Als die Zeit knapper wurde habe ich dann irgendwann das System entlarvt. Hier muss man sich sein Recht erkämpfen. Sobald man es geschafft hat in der ersten Reihe zu stehen, nimmt man sich eine Kartoffel, füllt seine Tüte mit den Kartoffeln, die schon mindestens 10 andere Kunden durchwühlt haben und wirft die Tüte auf die Waage mit der direkten und forschen Frage ¿A cuanto están las papas? Und so macht man das dann weiter. Man muss nur aufpassen, dass nicht gleich die Waage wieder besetzt ist, denn hier wird gleichzeitig bedient. Aber jahrelanges Ligretto-Training (Ligretto ist eine Version von MauMau, nur alle spielen gleichzeitig) haben mir einen eindeutigen Vorteil verschafft und ich bin inzwischen auch einem einheimischen Peruaner auf dem Markt gewachsen.

Der stärkere, der lautere gewinnt ist hier leider ein beliebtes System. Ob im Straßenverkehr oder in Diskussionen wer lauter schreit, lauter hupt und sich sein Recht nimmt gewinnt.

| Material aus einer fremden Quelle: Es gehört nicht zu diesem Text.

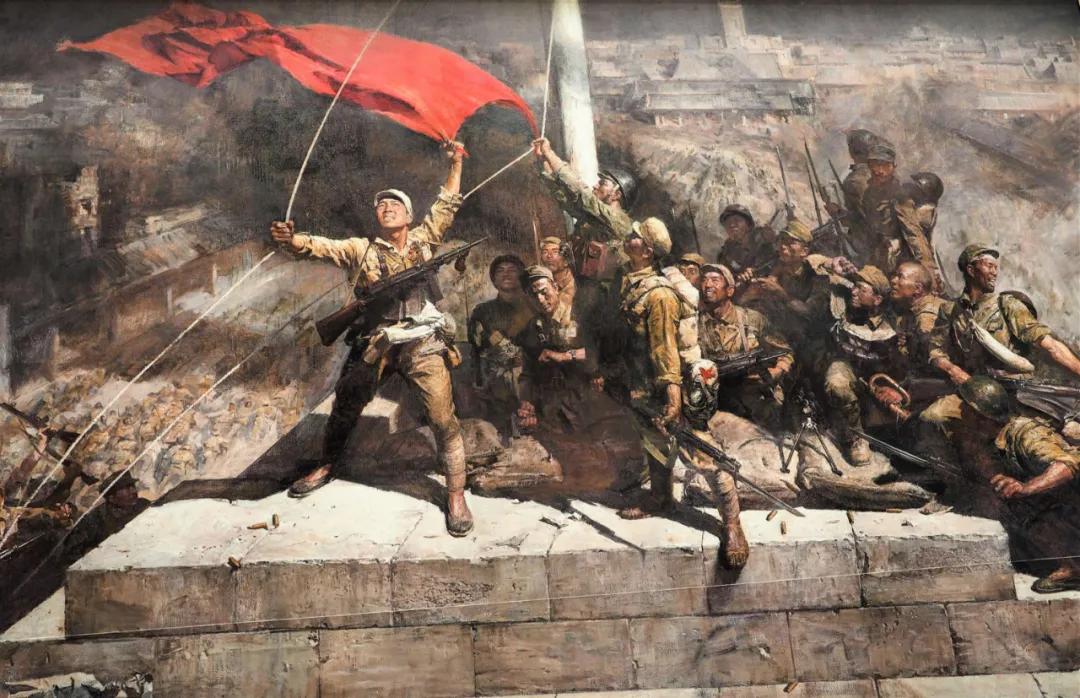 党史学习教育百年回眸讲党史伟大的战略决战与将革命进行到底第17集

Manchmal stresst es mich ganz schön, denn eigentlich finde ich unser idyllisches Markt einkaufen deutlich angenehmer, genauso wie die eindeutige Strassenverkehrsregele: rechts vor links und Diskussion in denen man aufzeigen muss um sein Recht auf einen Beitrag zu signalisieren.

Bin ich peruanisiert?
Wie gut ich mich aber an das System am dem Markt adaptiert habe wurde mir dann bei meinen letzten Einkauf dieses Tages bewusst. Ich schielte noch zum bunten Mangold rüber. An dem Stand war auch kaum Betrieb. Also habe ich mir schnell einen Mangold geschnappt, die Bäuerin nach dem Preis gefragt und wir haben Soles gegen die Ware getauscht. Ganz schnell und unkompliziert. Nur, rechts von mir hörte ich plötzlich eine Stimme mit englischen Akzent. „Disculpa, Señorita, falta la educación“. Was wohl mit galt: „Entschuldigung Fräulein, es fehlt an Erziehung“.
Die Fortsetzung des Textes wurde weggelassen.